The Day we Met

Last night I dreamed of the day I met my wife for the first time. The dream didn’t exactly line up to reality – I don’t recall being hounded by paparazzi or driving around town – but it made me stop to appreciate the woman I married.

She renewed me. When we met, I was coming off the back of some painful experiences with love and I had gone through the stages of feeling angry and then doing my best not to care. The moment I ‘let it go’, I met her.

We started out by chatting on the phone and online, and I didn’t want to get my hopes up. Her voice was immediately beautiful and I was intrigued to know her better, so we arranged to meet in London and spend the day doing some of the touristy stuff that people do in our fair capital. I met her at Fenchurch Street station – that place will always be significant to me.

We lunched at Planet Hollywood (I wish I still had that picture of the most epic chocolate brownie in all humanity), and we visited an art museum. Naturally, we swung by Leicester Square and Covent Garden. We talked and talked, and before long I was keen to hold her hand – a simple gesture but one we were soon doing.
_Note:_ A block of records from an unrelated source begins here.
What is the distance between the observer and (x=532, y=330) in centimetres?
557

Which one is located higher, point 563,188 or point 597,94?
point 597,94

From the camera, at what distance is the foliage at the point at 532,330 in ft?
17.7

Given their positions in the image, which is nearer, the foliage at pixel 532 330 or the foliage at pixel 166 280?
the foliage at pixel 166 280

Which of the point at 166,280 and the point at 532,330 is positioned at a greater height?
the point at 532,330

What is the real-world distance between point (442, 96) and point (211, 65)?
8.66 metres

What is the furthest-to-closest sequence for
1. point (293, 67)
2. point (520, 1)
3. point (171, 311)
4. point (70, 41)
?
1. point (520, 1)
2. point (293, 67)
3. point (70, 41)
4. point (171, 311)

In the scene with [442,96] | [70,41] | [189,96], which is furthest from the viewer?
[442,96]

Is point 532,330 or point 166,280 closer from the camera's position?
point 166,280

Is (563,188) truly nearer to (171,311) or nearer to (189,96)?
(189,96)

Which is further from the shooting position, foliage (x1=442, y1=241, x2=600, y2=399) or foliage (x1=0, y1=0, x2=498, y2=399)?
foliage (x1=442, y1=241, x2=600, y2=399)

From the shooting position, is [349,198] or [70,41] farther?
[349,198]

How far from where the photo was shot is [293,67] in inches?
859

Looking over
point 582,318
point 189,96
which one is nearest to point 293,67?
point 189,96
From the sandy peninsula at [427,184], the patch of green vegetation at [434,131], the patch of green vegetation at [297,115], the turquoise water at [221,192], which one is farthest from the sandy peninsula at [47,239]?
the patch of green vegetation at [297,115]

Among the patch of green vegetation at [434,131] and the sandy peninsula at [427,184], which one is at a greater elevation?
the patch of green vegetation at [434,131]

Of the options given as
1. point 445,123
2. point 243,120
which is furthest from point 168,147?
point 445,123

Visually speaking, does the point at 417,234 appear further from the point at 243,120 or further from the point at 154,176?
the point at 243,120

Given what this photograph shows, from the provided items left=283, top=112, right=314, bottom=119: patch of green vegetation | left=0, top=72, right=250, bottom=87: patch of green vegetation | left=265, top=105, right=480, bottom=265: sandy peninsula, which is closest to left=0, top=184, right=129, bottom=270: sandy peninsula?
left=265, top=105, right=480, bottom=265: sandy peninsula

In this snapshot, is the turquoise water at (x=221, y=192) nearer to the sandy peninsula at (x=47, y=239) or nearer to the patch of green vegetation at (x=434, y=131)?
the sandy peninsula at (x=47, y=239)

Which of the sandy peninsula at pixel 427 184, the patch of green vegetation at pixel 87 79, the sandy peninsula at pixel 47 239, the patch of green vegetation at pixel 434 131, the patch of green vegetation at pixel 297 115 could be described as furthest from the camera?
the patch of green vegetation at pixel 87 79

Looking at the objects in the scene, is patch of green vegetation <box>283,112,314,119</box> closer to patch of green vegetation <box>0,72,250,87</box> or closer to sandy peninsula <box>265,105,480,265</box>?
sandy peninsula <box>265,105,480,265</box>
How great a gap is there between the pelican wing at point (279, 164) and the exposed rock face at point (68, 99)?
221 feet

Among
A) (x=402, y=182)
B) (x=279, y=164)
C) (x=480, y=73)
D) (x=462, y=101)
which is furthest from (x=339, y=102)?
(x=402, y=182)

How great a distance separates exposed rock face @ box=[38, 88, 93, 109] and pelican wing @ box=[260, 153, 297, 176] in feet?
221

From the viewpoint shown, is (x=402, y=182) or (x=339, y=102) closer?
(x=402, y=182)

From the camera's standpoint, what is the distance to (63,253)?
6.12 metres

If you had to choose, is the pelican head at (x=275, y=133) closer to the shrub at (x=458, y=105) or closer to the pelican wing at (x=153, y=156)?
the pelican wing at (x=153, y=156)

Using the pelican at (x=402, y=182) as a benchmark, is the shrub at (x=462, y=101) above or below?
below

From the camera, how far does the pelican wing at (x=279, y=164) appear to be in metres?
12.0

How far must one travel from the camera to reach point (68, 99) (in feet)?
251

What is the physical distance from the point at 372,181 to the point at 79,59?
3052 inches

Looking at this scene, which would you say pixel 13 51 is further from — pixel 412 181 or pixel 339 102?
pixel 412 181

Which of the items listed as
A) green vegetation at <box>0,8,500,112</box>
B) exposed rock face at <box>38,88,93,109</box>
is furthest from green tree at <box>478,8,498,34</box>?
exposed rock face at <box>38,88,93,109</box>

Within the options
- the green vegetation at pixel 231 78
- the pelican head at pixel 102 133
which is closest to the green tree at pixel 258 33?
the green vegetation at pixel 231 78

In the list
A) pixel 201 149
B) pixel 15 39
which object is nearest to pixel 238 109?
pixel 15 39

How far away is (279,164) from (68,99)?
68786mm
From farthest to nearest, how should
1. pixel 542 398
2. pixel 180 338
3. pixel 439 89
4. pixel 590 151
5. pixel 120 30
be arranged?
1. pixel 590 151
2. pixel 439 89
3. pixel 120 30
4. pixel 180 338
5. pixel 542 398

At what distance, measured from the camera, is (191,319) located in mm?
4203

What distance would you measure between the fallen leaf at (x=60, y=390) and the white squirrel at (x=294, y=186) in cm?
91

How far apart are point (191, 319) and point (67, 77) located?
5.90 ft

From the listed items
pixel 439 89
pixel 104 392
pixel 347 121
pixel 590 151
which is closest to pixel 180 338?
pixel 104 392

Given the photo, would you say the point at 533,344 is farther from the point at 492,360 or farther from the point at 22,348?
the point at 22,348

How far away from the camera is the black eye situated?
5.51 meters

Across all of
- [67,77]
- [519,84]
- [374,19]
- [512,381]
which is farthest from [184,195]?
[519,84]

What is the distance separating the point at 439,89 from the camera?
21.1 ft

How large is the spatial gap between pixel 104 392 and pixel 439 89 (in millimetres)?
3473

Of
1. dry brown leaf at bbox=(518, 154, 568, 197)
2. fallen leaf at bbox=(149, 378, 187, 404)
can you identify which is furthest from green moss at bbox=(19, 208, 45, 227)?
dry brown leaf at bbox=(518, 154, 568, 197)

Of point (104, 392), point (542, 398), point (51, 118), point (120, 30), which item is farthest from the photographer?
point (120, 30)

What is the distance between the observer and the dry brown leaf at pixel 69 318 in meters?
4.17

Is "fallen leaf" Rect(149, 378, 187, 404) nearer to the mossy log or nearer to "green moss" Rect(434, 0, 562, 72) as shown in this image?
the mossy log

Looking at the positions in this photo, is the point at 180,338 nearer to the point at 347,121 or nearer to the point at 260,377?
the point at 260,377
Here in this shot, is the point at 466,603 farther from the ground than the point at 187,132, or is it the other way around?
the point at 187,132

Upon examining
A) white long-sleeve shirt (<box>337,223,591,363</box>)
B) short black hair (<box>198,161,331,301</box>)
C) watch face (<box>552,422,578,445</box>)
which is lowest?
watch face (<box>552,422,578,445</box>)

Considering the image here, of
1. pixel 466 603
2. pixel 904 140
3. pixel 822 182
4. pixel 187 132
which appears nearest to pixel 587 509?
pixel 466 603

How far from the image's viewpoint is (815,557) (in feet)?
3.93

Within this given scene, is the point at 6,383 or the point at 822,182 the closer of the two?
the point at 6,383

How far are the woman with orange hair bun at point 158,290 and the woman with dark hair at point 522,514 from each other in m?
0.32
It annoys me that I can’t remember where we first kissed – it was an Underground station and it was pretty spontaneous, and it felt wonderful. As the evening wore on we settled into a Starbucks and cuddled and kissed some more, and when it was time to see her back to the station, I knew I had to see her again.
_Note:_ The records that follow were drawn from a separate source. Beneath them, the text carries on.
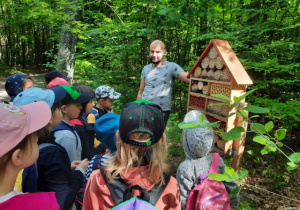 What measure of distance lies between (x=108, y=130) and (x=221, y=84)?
1.58 meters

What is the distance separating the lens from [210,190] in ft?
5.24

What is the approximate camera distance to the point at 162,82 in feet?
10.7

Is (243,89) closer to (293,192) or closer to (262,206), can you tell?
(262,206)

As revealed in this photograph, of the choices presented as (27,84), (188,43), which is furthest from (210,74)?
(27,84)

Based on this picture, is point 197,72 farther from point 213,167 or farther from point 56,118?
point 56,118

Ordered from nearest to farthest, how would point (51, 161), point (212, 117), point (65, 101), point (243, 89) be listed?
point (51, 161) → point (65, 101) → point (243, 89) → point (212, 117)

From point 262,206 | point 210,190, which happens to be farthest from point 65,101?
point 262,206

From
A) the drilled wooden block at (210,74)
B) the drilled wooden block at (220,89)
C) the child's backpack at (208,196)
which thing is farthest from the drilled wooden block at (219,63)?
the child's backpack at (208,196)

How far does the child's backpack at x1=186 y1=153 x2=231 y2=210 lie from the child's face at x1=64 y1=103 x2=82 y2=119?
146 cm

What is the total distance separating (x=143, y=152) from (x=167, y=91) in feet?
7.05

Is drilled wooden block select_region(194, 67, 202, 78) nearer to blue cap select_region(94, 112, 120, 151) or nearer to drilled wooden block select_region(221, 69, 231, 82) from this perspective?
drilled wooden block select_region(221, 69, 231, 82)

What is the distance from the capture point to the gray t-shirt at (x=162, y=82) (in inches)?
128

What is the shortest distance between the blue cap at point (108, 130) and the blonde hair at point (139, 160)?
343 millimetres

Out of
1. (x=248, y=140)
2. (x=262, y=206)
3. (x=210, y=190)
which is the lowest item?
(x=262, y=206) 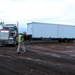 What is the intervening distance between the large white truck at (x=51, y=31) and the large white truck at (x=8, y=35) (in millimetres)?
9160

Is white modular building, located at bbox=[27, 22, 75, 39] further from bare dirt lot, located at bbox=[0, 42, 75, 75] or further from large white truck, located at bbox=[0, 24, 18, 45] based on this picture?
bare dirt lot, located at bbox=[0, 42, 75, 75]

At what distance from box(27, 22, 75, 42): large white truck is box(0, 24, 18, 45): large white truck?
916 cm

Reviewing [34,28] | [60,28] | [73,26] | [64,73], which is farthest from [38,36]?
[64,73]

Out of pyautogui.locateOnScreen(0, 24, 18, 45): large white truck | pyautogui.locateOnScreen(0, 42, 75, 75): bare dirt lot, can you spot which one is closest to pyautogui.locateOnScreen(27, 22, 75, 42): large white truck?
pyautogui.locateOnScreen(0, 24, 18, 45): large white truck

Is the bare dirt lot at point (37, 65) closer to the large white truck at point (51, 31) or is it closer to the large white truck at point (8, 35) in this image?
the large white truck at point (8, 35)

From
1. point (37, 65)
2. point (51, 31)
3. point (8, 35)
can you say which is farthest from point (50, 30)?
point (37, 65)

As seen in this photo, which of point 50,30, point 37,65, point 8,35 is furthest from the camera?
point 50,30

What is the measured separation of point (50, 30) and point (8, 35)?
13.9 meters

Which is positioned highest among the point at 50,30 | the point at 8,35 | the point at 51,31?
the point at 50,30

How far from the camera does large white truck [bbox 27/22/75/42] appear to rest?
133 ft

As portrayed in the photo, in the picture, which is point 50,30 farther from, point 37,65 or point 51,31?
point 37,65

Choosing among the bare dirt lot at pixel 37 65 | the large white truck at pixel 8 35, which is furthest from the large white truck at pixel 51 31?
the bare dirt lot at pixel 37 65

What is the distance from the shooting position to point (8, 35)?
2997 centimetres

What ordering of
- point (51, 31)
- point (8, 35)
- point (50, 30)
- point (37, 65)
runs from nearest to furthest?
point (37, 65) < point (8, 35) < point (50, 30) < point (51, 31) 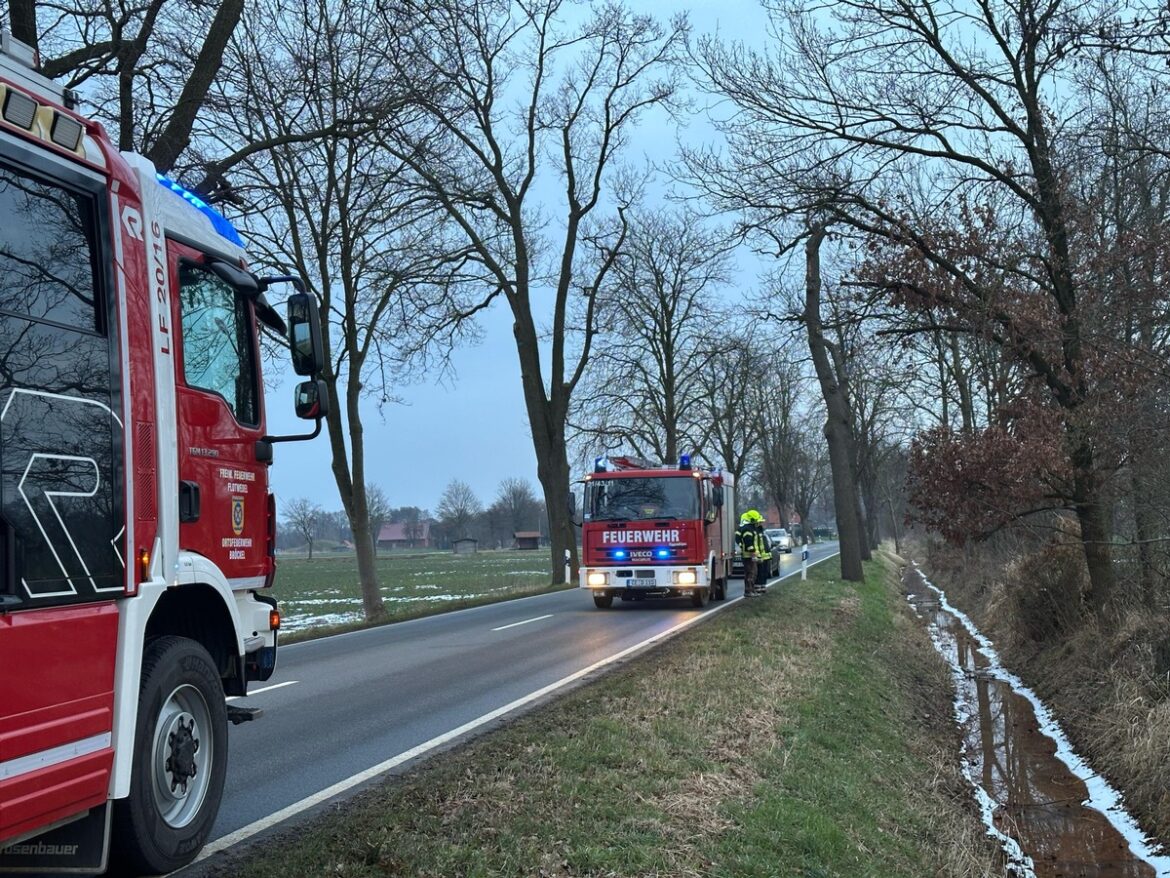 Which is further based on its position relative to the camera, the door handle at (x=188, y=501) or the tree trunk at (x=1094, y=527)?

That night, as I drifted off to sleep, I could still feel her arms around me. I had never experienced that feeling with anyone else, and I’ve never felt more secure.

She still makes me feel this way. Despite the mistakes and the cockups and me being an idiot from time to time, she has somehow retained her sanity and helped me to keep mine. She has given me the greatest of all gifts – a beautiful daughter. My wife has left me in fits of hysterical laughter (man with the face), can cheer me up simply by holding my hand, and has done more for me than I can ever repay. I love her.